When Santa Fe Trail was released in 1940 it was to general critical acclaim. Though it is in no way a classic like Gone With the Wind, it's view of the coming Civil War is not too dissimilar from the David O. Selznick film that also had Olivia DeHavilland as one of its stars. It was a popularly held view of the time, the abolitionists were well intentioned rabble rousers who brought on the Civil War and as Errol Flynn as J.E.B. Stuart says, the south will settle the slavery issue in its own time.
Back in the day even in A westerns like Santa Fe Trail, liberal use of the facts involving noted historical figures was taken. The fact that Stuart, Custer, Longstreet, Pickett, Sheridan, and Hood would all graduate West Point in the same class was really a minor bending of the rules. The following year with Errol Flynn as Custer in They Died With Their Boots On, they got Custer's graduation class right, but then compounded his life with more errors.
One interesting fact that no one mentions in this film is Henry O'Neill as the real life Cyrus K. Holliday (1826-1900) who considerably outlived just about everyone portrayed in the film. He's of critical importance in Kansas history as having built the Santa Fe railroad. His children neither went to West Point as William Lundigan, did graduating with all these Civil War heroes, nor did his daughter wind up marrying one.
Olivia DeHavilland playing her usual heroine, gets out of the crinoline for a bit as a Calamity Jane type daughter to Henry O'Neill. I have to say she showed quite a bit more spunk than her normal range of leading ladies at the time at Warner Brothers. She certainly Errol Flynn and Ronald Reagan as George A. Custer on their toes.
If people remember anything at all about Santa Fe Trail today it is Raymond Massey as the fanatical John Brown.

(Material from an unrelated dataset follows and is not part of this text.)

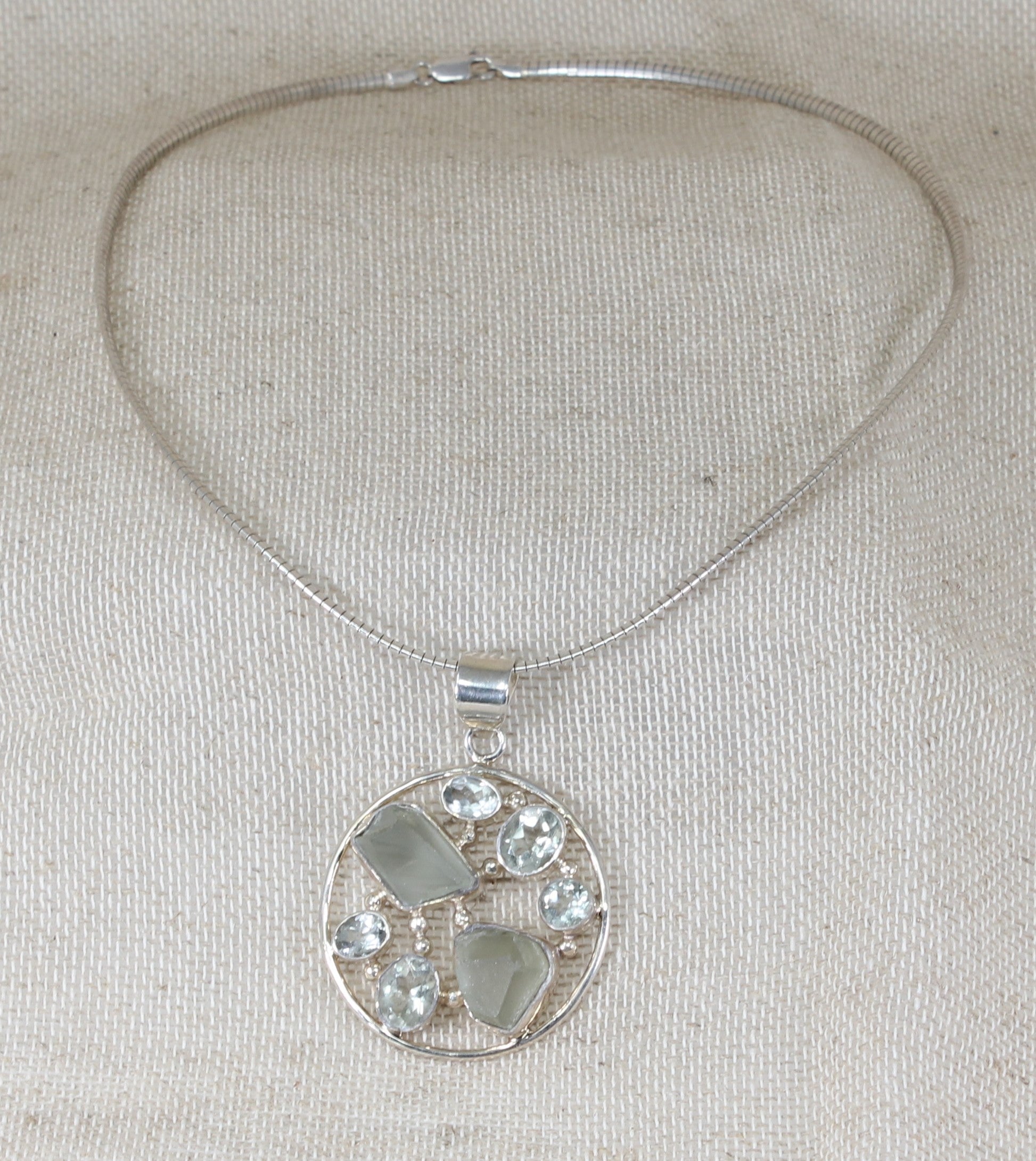 This gorgeous Silver collarette has a large round handcrafted pendant inset with faceted and raw Quartz gemstones in an asymmetric design. Made in Italy, this statement pendant sits on a snake chain collarette. Pendant size: 42mm round.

Yet even there, Brown has his hypocritical moments when he's quite ready to let a barn full of recent runaway slaves burn down so he can kill Errol Flynn in it. It doesn't ring true with the character as defined by Massey, I fault the scriptwriters there. Massey repeated his John Brown character in the later Seven Men From Now. Other than Abraham Lincoln it is the role that actor is most identified with.
As an action western though, Santa Fe Trail can't be beat. The battle scene with the army breaking John Brown's siege at Harper's Ferry is well staged. You really do think you are at Harper's Ferry watching a newsreel.
Though it never was history and hasn't worn well in its interpretation, western fans will still like Santa Fe Trail.